Archive for August, 2008

Analysis of “Visual Similarity of Pen Gestures”

Author:

A. Chris Long, Jr.,  James A. Landay,  Lawrence A. Rowe,  and Joseph Michiels

Summary:

Introduction:

People have trouble remember gestures, especially if they are similar, and gestures are difficult to design. These researchers designed a tool that can advise gesture designers.  Ran experiments to measure gesture similarity, devised an algorithm to compute similarity, and then created design tool to provide advice.

Related Works:

Noted gesture recognition used in Newton, Palm Pilots, word processors, note-taking, air traffic control, etc.  Researchers used single-stroke techniques.

Psychologists attempted to determine how people judged similarity of geometric primitives.  Example: for rectangles, people used width and height. However, different people use different similarity metrics and the same person will even use different metrics for different stimuli (i.e might judge triangles by tilt instead of height and width).  Apparently “the logarithm of the quantitative metrics…correlate with similarity”.

Discussion also covers multi-dimensional scaling (MDS), which reduces the number of input dimensions for viewing on a plot.  Concerns were comparing participants to one another, how many dimensions to use, how to measure distance (Euclidean distance chosen), and assigning meaning to the axes.

User Study 1:

Created a set of empirically determined, dissimilar gestures.  10 participants shown groups of three gestures (aka a “triad” ) and asked to the pick the most dissimilar one from the other two.  Goal 1: to determine what geometric properties influenced perceived similarity, and did so through MDS. Goal 2: to produce a model of gesture similarity to predict similarity between two given gestures, and did so with “regression analysis” (appears to be just feature vectors in a vector space).  Did regression analysis for each dimension and then compared two dimensions at a time for comprehension sake.  Derived equations for each dimension that would plot an arbitrary value from a new gesture.  Their derived model reports gesture similarities with correlation 0.74.

User Study 2:

Sought to determine how certain features played into similarity (angle of bounding box, length and area of bounding box, rotation).
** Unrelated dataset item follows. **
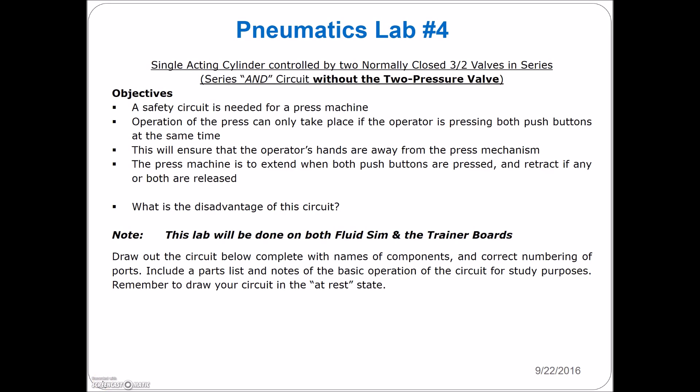Alright, so we're slowly building up the basics here. Let's go on to Lab Number Four. Lab Number Four is back to the single acting cylinder, so we're using a single acting cylinder controlled by two normally closed 3/2 valves. We've got two push buttons that are obviously normally closed 3/2s.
Same setup and goals as before, but participants didn’t see all combinations of gestures. Did independent analysis of each of the three gesture sets to determine how similarity judgements were affected. Used results of study 1 to predict study 2 as well. Found that the bounding box angle is an important feature, and that alignment/non-alignment with the normal coordinate axes is significant to similarity.  The other differences listed above were not significant enough.

Turned the two derived models from each study towards the other and had correlations of 0.56 for the first, and 0.51 for the second.  Authors quick to admit this judging human perception with a computer program is hard, but happy with their results.

Author’s Discussion:

Said their models could still be used for a gesture design tool to advise gesture creation.  Liked MDS and good for discovering “candidate predictors”, but it was limiting, so regression analysis best for creating model.

Discussion:

I’m still not confident that these researchers found a reliable model for predicting gestures similarities, or something that could be automated and reproduced.  The proof of this coming from the fact that the models worked great on the data they were finessed for, but then dropped to the flip of a coin then the data was switched.  The paper is older, so I’d be interested to see the tool they developed.
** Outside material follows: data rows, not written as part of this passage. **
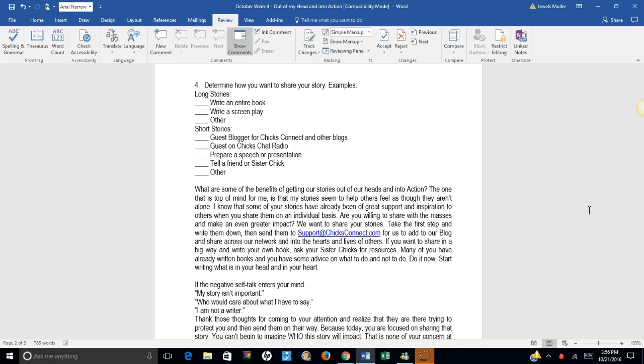We want to share your stories. Take the first step and write them down. Then send them to support at chicksconnect.com for us to add to our blog and share across our network and into the hearts and lives of others.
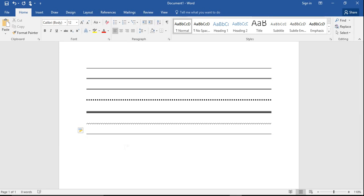What you want to do is type a character three times and press enter. There are specific characters that make these lines. It sounds more complicated than it really is.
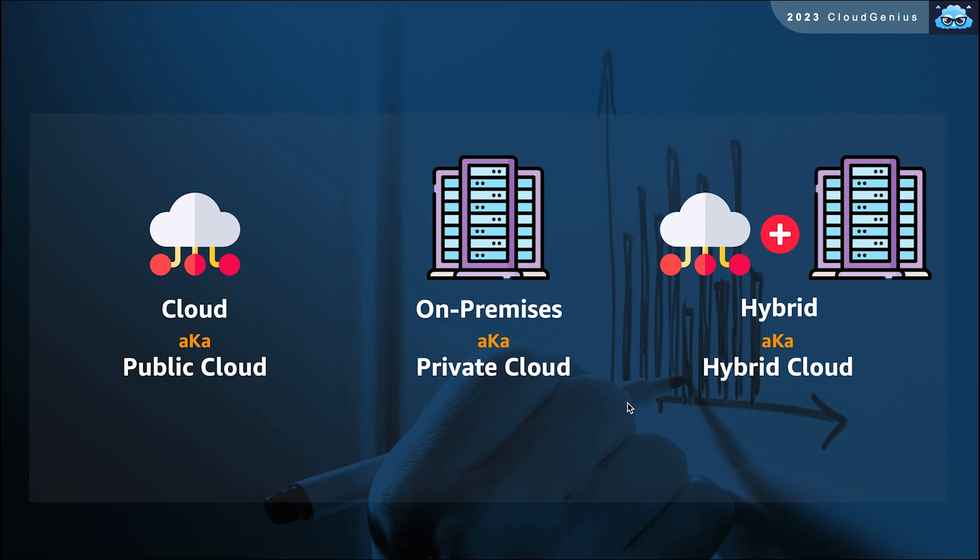This could be the situation if there was a complete migration scenario, or the application itself was born in the cloud and running over there since day zero.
Compliments on their user studies as they appeared to be executed well.  I might have argued to let the participants draw each shape of the triad and then decide which was the most dissimilar.  However there it would have made the study take longer, and then you can’t measure qualitative feedback like “I chose this shape as the most dissimilar because it felt the most different to draw.”

Comments made elsewhere:

  1.  Andrew’s Blog

Analysis of “Specifying Gestures by Example”

Author:

Dean Rubine
Summary:

1) The author begins with discussion of the current hand-coded gesture recognizers of 1991, labeling them as difficult.  He then claims the ability to do away from hand coding by using examples gestures and his GRANDMA architecture.  Few tools exist for such, and the author says his architecture can build small, fast, accurate recognizers that are trained on a small number of examples for a gesture.
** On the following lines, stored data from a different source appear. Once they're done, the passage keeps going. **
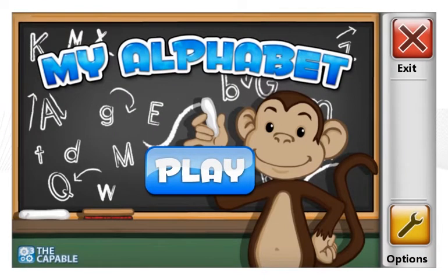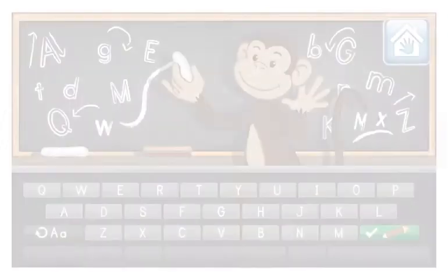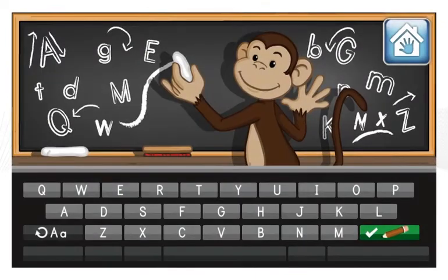Would you like to learn how to write? Let's start with writing the letters of the alphabet. Choose a letter from the keyboard.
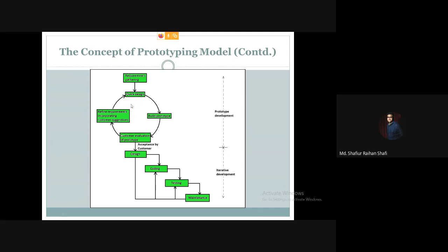Once the initial design is finalized and the user is 100% satisfied with the prototype, we then base the actual design of the software on it. We proceed with coding and testing, and ultimately deliver the product along with maintenance. The prototyping model involves both prototype development and iterative development where we build components based on the final prototype report.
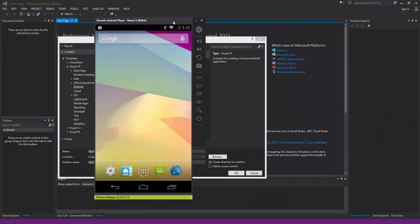Welcome to the 63rd Xamarin.Android tutorial. In this video, following on from the previous one, we're going to be taking a look at global values.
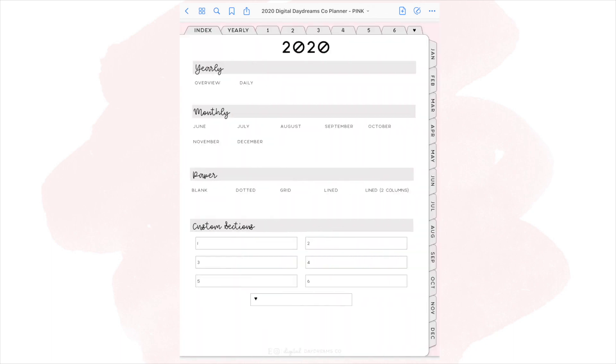The next page is the index page, which just gives you easier access to some of the other pages, such as the yearly pages, the monthly overviews, the blank papers such as blank, dotted, grid, line, and then double columned line. And then at the bottom, you get these custom sections for seven blank tabs that you can add your own inserts or templates into, because I really wanted to provide that extra customization.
2) An example program called GDP also uses the framework. The authors highlights a few use cases through screen shots, and that GRANDMA has a two phase operation: gesture collection and classification, then manipulation. GRANDMA also intentionally only has single-stroke commands to:

  1. avoid the problem of segmentation
  2. support the two-phase process
  3. contribute to a positive user experience

3) The user, or “gesture designer”, will select the command, or “class”, at run-time that he wishes to train and then provide around fifteen (empirically determined) examples of the gesture that issues the command.  GRANDMA is an MVC framework.  He was specify three semantic components: “recog” to define the attributes, handler, and view when the gesture is recognized, “manip” for the manipulation phase, and then “done”.  When gesture is made over multiple view (remember MVC), the priority is given to the top-most view (example gesture goes over an object view and the main window view).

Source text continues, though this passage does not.